En quatrième lieu, aux termes de l’article 3 de la convention européenne de sauvegarde des droits de l’homme et des libertés fondamentales : « Nul ne peut être soumis à la torture ni à des peines ou traitements inhumains ou dégradants ».
Pour les motifs précédemment exposés aux points 5 et 7, et dès lors qu’il ne ressort pas des pièces du dossier que M. B… ne pourrait pas bénéficier effectivement d’un traitement adapté à son état de santé au Maroc, les moyens tirés de la méconnaissance de ces stipulations et du principe de la dignité humaine doivent être écartés.
En ce qui concerne la décision fixant le pays de renvoi :
En premier lieu, les décisions portant refus de délivrance d’un titre de séjour et obligation de quitter le territoire français n’étant pas annulées par le présent jugement, le moyen tiré de ce que la décision fixant le pays de destination devrait être annulée par voie de conséquence de l’annulation de ces décisions qui en constituent le fondement doit être écarté.
En second lieu, aux termes du dernier alinéa de l’article L. 721-4 du code de l’entrée et du séjour des étrangers et du droit d’asile : « Un étranger ne peut être éloigné à destination d’un pays s’il établit que sa vie ou sa liberté y sont menacées ou qu’il y est exposé à des traitements contraires aux stipulations de l’article 3 de la Convention européenne de sauvegarde des droits de l’homme et des libertés fondamentales du 4 novembre 1950. ».
Pour les motifs précédemment exposés aux points 5 et 7, le moyen tiré de la méconnaissance des stipulations de l’article 3 de la convention européenne de sauvegarde des droits de l’homme et des libertés fondamentales et de l’article L. 721-4 du code de l’entrée et du séjour des étrangers et du droit d’asile doit être écarté. Pour les mêmes motifs, M. B… n’est pas fondé à soutenir que la décision attaquée aurait méconnu les stipulations de l’article 8 de la convention européenne de sauvegarde des droits de l’homme et des libertés fondamentales, ni qu’elle serait entachée d’une erreur manifeste d’appréciation au regard de ses conséquences sur sa situation personnelle.

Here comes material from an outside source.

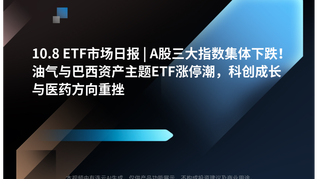 10.8 ETF市场日报 | A股三大指数集体下跌！油气与巴西资产主题ETF涨停潮，科创成长与医药方向重挫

Il résulte de tout ce qui précède que la requête de M. B… doit être rejetée, en toutes ses conclusions.
D E C I D E :
Article 1er : La requête de M. B… est rejetée.
Article 2 : Le présent jugement sera notifié à M. A… B… et au préfet des Yvelines.

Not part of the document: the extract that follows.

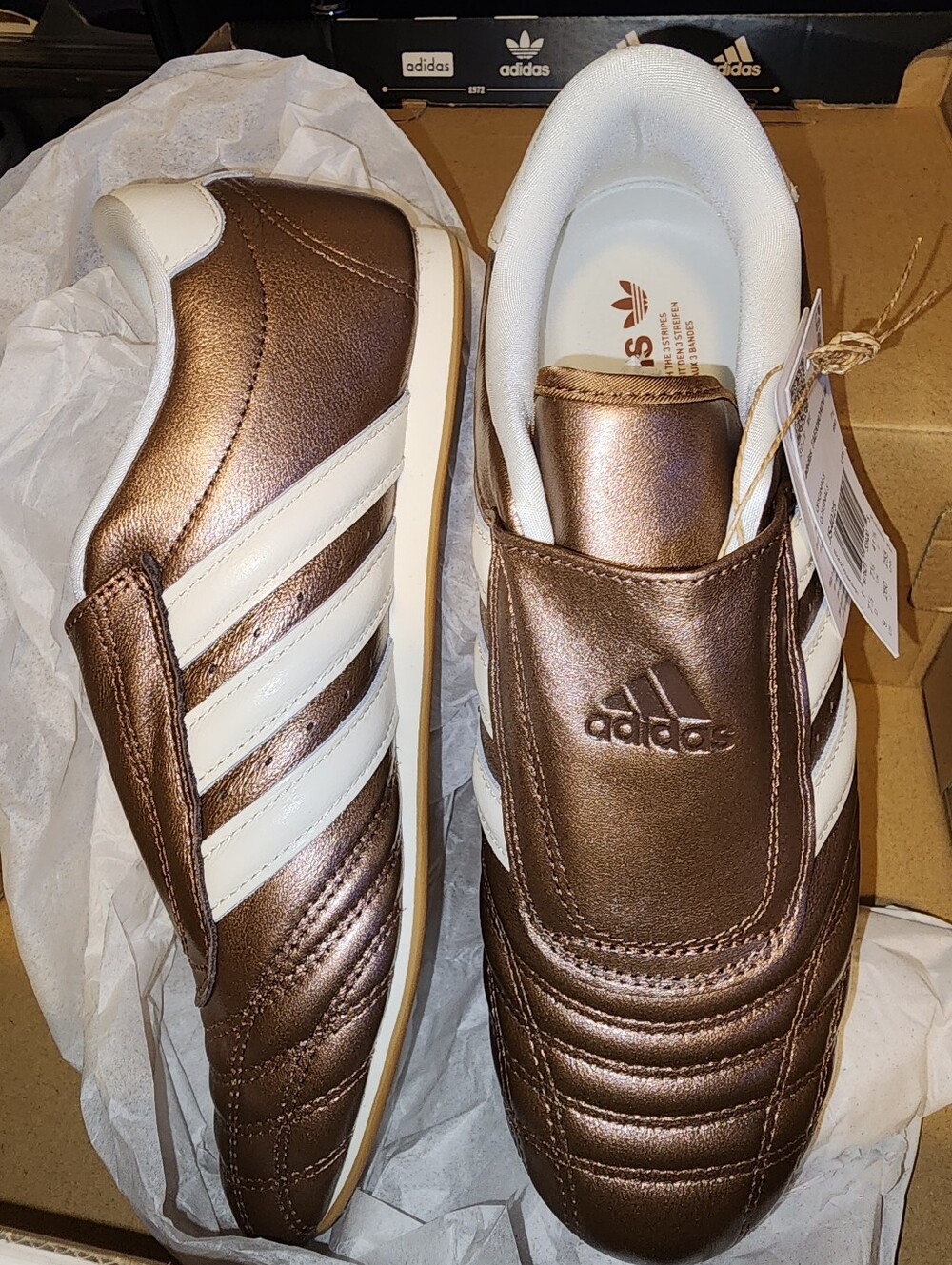 Size 9 Adidas Metallic Bronze Slip-On Sneakers with White Stripes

Délibéré après l’audience du 16 avril 2026, à laquelle siégeaient :
Mme Lellouch, présidente,
M. Gibelin, premier conseiller,
Mme Corthier, première conseillère.
Rendu public par mise à disposition au greffe le 7 mai 2026.
Le rapporteur,
signé
F. GibelinLa présidente,
signé
J. Lellouch
La greffière,
signé
A. Gateau
La République mande et ordonne au préfet des Yvelines en ce qui le concerne ou à tous commissaires de justice à ce requis en ce qui concerne les voies de droit commun contre les parties privées, de pourvoir à l’exécution de la présente décision.